Please keep the images out and set down the data exactly as given.

[Image-caption web data]

#####

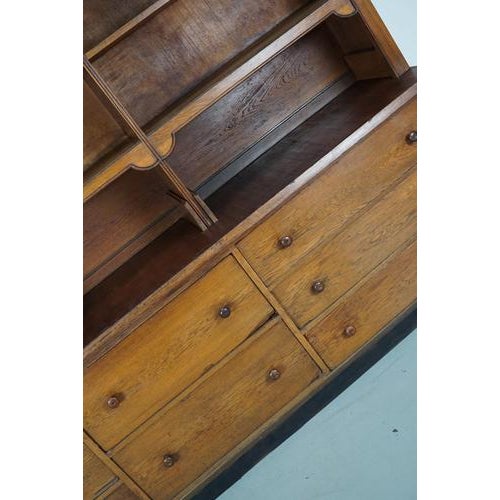 This shop cabinet was made around the 1920s in Germany mainly in oak and oak veneer. It was used in a chocolate shop near...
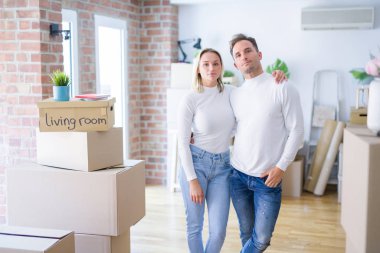 Genç ve güzel bir çift, yeni evlerinde karton kutuların etrafında dikiliyorlar. Yüzlerinde ciddi bir ifade var. Basit ve doğal bir şekilde kameraya bakıyorsun..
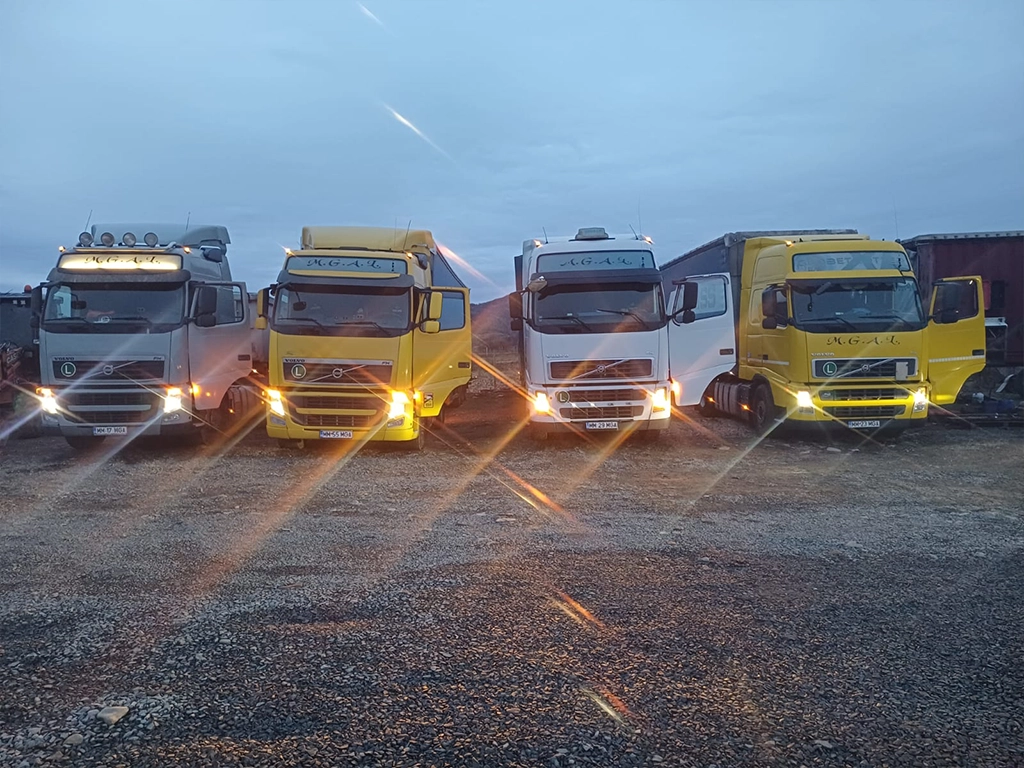 Camioanele firmei MGAL parcate la garaj si fotografiate cu luminile aprinse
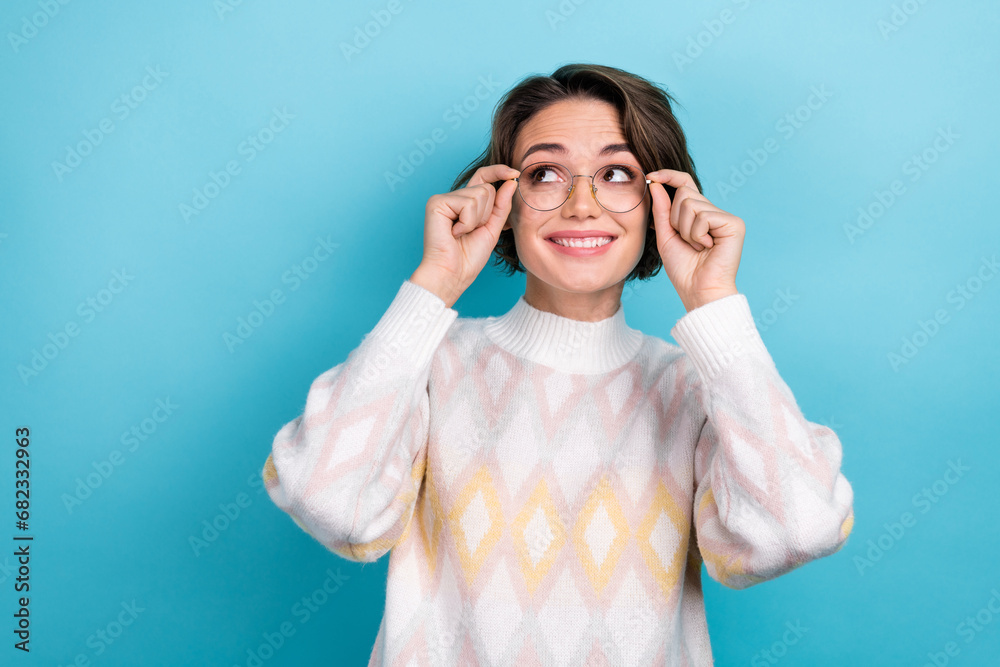 Photo portrait of attractive young woman touch specs look empty space dressed stylish white clothes isolated on blue color background Photo portrait of attractive young woman touch specs look empty space dressed stylish white clothes isolated on blue color background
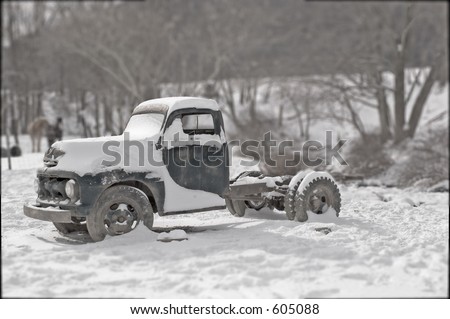 Old truck covered in snow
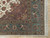 Corner detail of teal blue border with cranes, deer and floral vines beside ivory fringe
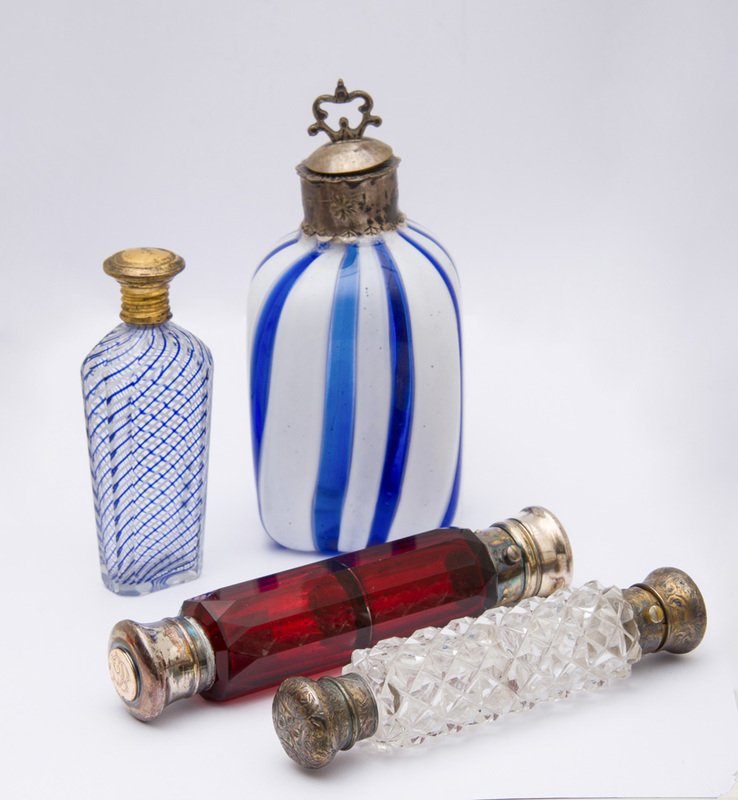 GROUP OF FOUR GLASS SCENT BOTTLES WITH METAL LIDS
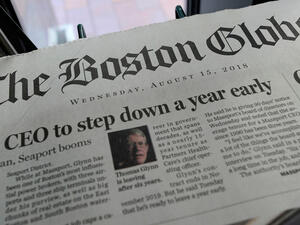 Copies of the Boston Globe are seen at a newspaper stand. (AFP/ File)
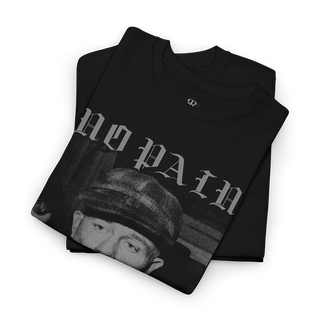 A folded black t-shirt with a grayscale graphic print featuring the text 'NO PAIN' and a face wearing a cap, displayed on a clean white background.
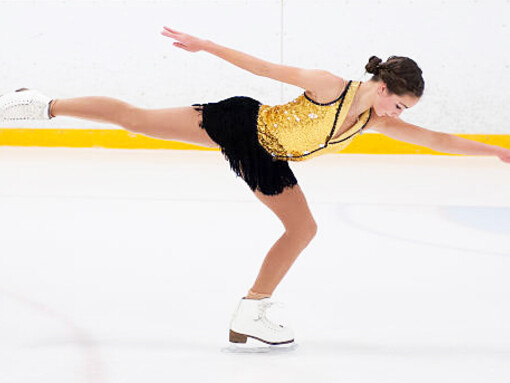 A girl figure skating on smooth white ice, elegantly dressed in her costume
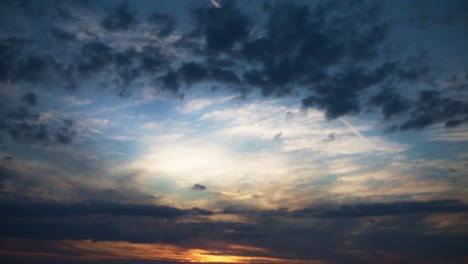 wide view of sky with dark blue and orange background clouds at sunset in 4k
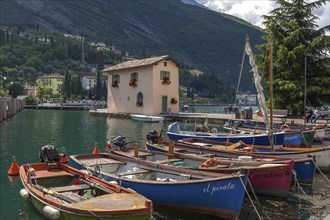 Rowing boats in the harbour, Old Customs House, Torbole, Lake Garda, Trentino, Italy, Europe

#####

Output of the exercise =
 This shop cabinet was made around the 1920s in Germany mainly in oak and oak veneer. It was used in a chocolate shop near...
 Genç ve güzel bir çift, yeni evlerinde karton kutuların etrafında dikiliyorlar. Yüzlerinde ciddi bir ifade var. Basit ve doğal bir şekilde kameraya bakıyorsun..
 Camioanele firmei MGAL parcate la garaj si fotografiate cu luminile aprinse
 Photo portrait of attractive young woman touch specs look empty space dressed stylish white clothes isolated on blue color background Photo portrait of attractive young woman touch specs look empty space dressed stylish white clothes isolated on blue color background
 Old truck covered in snow
 Corner detail of teal blue border with cranes, deer and floral vines beside ivory fringe
 GROUP OF FOUR GLASS SCENT BOTTLES WITH METAL LIDS
 Copies of the Boston Globe are seen at a newspaper stand. (AFP/ File)
 A folded black t-shirt with a grayscale graphic print featuring the text 'NO PAIN' and a face wearing a cap, displayed on a clean white background.
 A girl figure skating on smooth white ice, elegantly dressed in her costume
 wide view of sky with dark blue and orange background clouds at sunset in 4k
 Rowing boats in the harbour, Old Customs House, Torbole, Lake Garda, Trentino, Italy, Europe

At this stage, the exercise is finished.